Metro de Lisboa: uma tragédia à espera de acontecer!

António Garcia Pereira
António Garcia Pereira
Advogado, especialista em Direito do Trabalho e Professor Universitário

Ainda que bastante silenciados pela Comunicação Social “oficial”, só numa semana registaram-se no Metro de Lisboa dois acidentes (um a 7/3 e outro a 10/3), os quais, apenas por mera casualidade, não tiveram consequências ainda mais graves, designadamente mortais.

Ambos tiveram que ver com o não funcionamento adequado dos sistemas de segurança de circulação dos comboios. Em particular com a circunstância de, não obstante haver objectos ou mesmo passageiros entalados nas portas, na cabine do maquinista acenderem as luzes verdes de “fecho de portas” (indicando ter este sido efectuado em condições) e de “preparação de partida” (significando “ordem de avançar”).

E ainda de as imagens de que os maquinistas supostamente dispõem afinal não existirem (nomeadamente por deficiência ou inexistência do funcionamento das câmaras que filmam as plataformas e/ou dos monitores que projectam as respectivas imagens, atrevendo-se a Empresa a invocar “não ter condições” para os repor de forma imediata) ou não serem adequadas (por falta de zoom, pela fraca iluminação de algumas das estações, etc.) ou ainda resultarem de espelhos retrovisores mal colocados e com obstáculos físicos que condicionam ou até impedem a correcta visualização.

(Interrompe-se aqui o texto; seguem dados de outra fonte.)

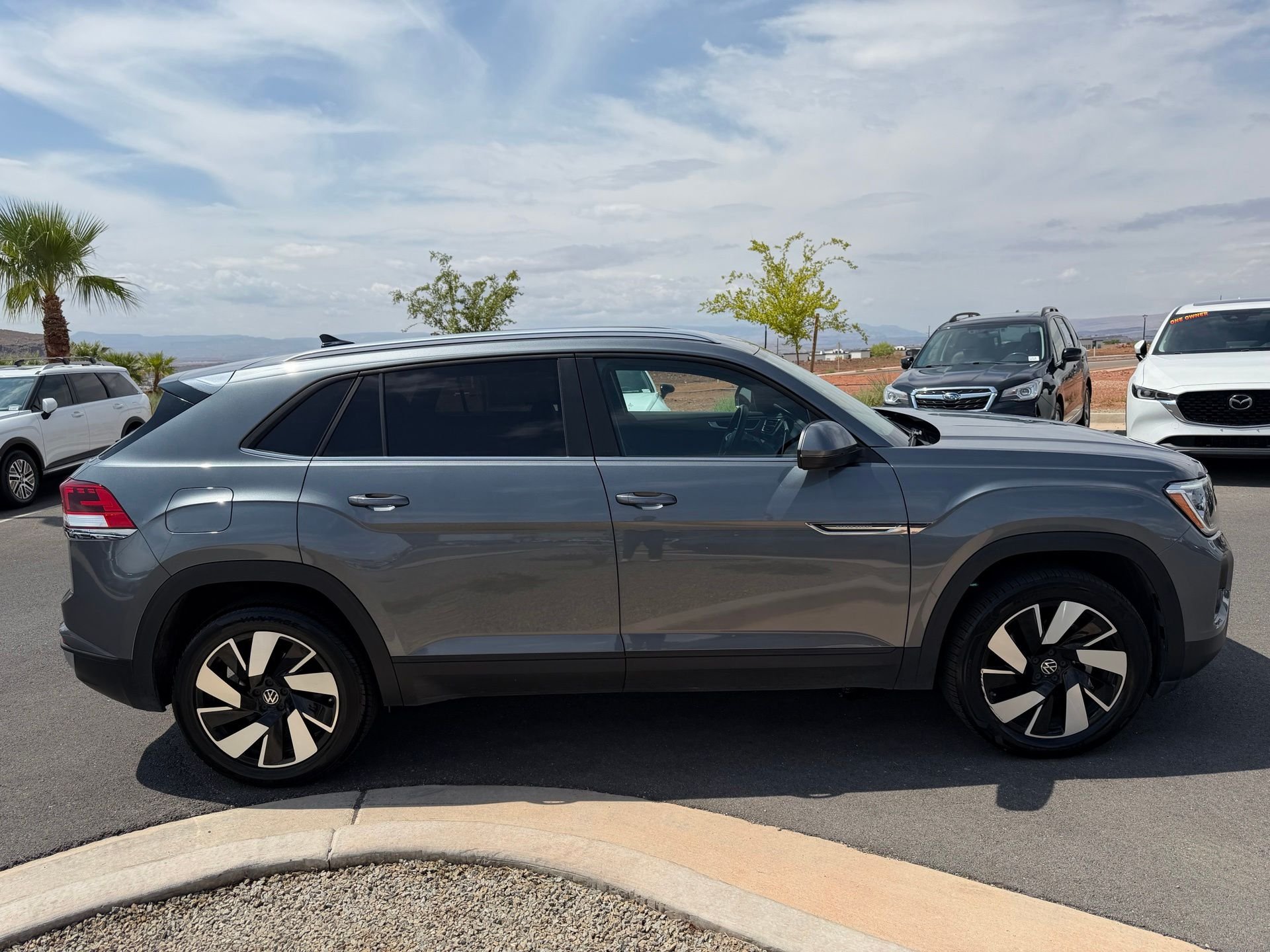 Used 2025 Gray Volkswagen 2.0T SE w/Technology image 5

8 acidentes nos últimos anos

Estes problemas que já causaram, contando com estes últimos 2, um total de 8 acidentes nos últimos anos, têm sido sucessivamente denunciados por vários sindicatos e comissões de trabalhadores – os quais, em 1 de Março de 2013, dirigiram mesmo uma exposição escrita a várias entidades, entre as quais o Ministro da tutela, o Primeiro Ministro e o Presidente da República – e são perfeita e completamente conhecidos pelas diversas Administrações do Metro de Lisboa. E, todavia, mantêm-se e, sob os eternos pretextos da falta de verbas e do “não é bem assim”, não foram objecto de qualquer medida de fundo.

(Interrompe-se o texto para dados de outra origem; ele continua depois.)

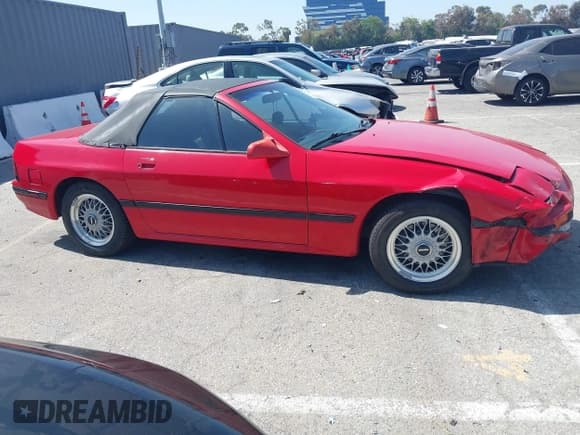 ✅ 1988 Mazda RX-7 • VIN: JM1FC3511J0107807 • Lot: 42304723. Wystawiony na IAAI z przebiegiem 134 369 mil. Bezpłatny archiwum sprzedaży aukcyjnych z USA i szczegółowy raport historii pojazdu na DreamBid. Zdjęcie 12.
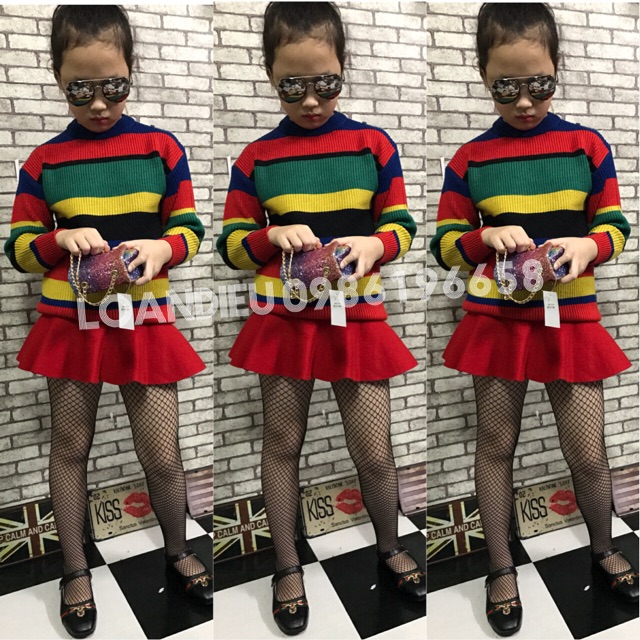 Combo set bộ hàng phối Áo len thân dài + chân váy đuôi cá . Đều là chất len mềm mịn giãn . Màu sắc bât mắt. Hàng loại 1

Na verdade, e como todos sabem, as portas das carruagens têm borrachas nas respectivas extremidades interiores a fim de evitar ferir os passageiros, o que permite e de certa forma impõe uma ligeira “folga”. Ora, o que acontece é que, quer por desgaste das próprias borrachas, quer por intervenções técnicas ordenadas pela Empresa (em particular sob o pretexto de evitar atrasos causados pelo não accionamento da referida luz verde de fecho de portas devido ao entalar da porta de uma gabardine, por exemplo), tal folga tem vindo a aumentar, permitindo o acendimento da mesma luz verde com objectos mais volumosos (como a pega dum trolley ou duma pasta) ou com mãos e até braços entalados!?

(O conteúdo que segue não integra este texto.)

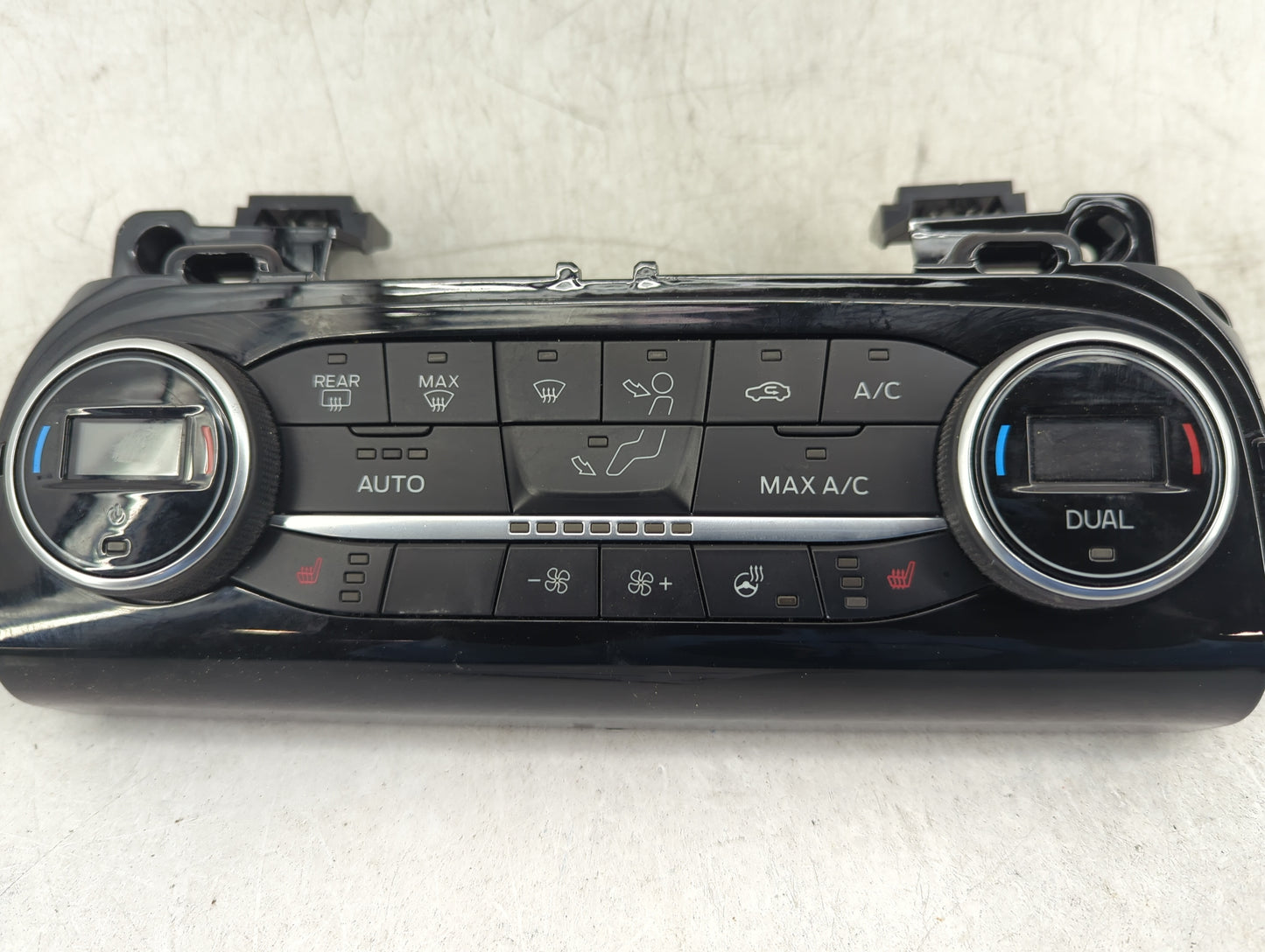 2020-2022 Ford Escape Climate Control Module Temperature AC/Heater Replacement P/N:LJ6T-18C612-GD Fits Fits 2020 2021 2022 O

E lá vamos “cantando e rindo” numa inconsciência criminosa até à ocorrência do acidente e, quando este (inevitavelmente) acontece, a “melhor” solução é culpar o maquinista, sustentando que, apesar de todos os 3 equipamentos de segurança disponíveis (luz de fecho de portas, luz de preparação de partida e imagens visíveis) lhe indicarem que pode arrancar, entrando para dentro do túnel e nada mais podendo ver ou ouvir a partir daí, ele deverá ainda abrir a porta da cabine de comando e vir cá fora certificar-se de que está tudo em ordem!? Mas, claro, para logo de seguida enfrentar a pressão para a necessidade do cumprimento dos horários e para evitar os atrasos que de tal vigilância acrescida necessariamente decorrem. Ainda assim, na última 5ª feira, 23/3, novo incidente deste tipo se verificou e só não houve danos por o maquinista ter adoptado tal postura e os ter conseguido evitar a tempo.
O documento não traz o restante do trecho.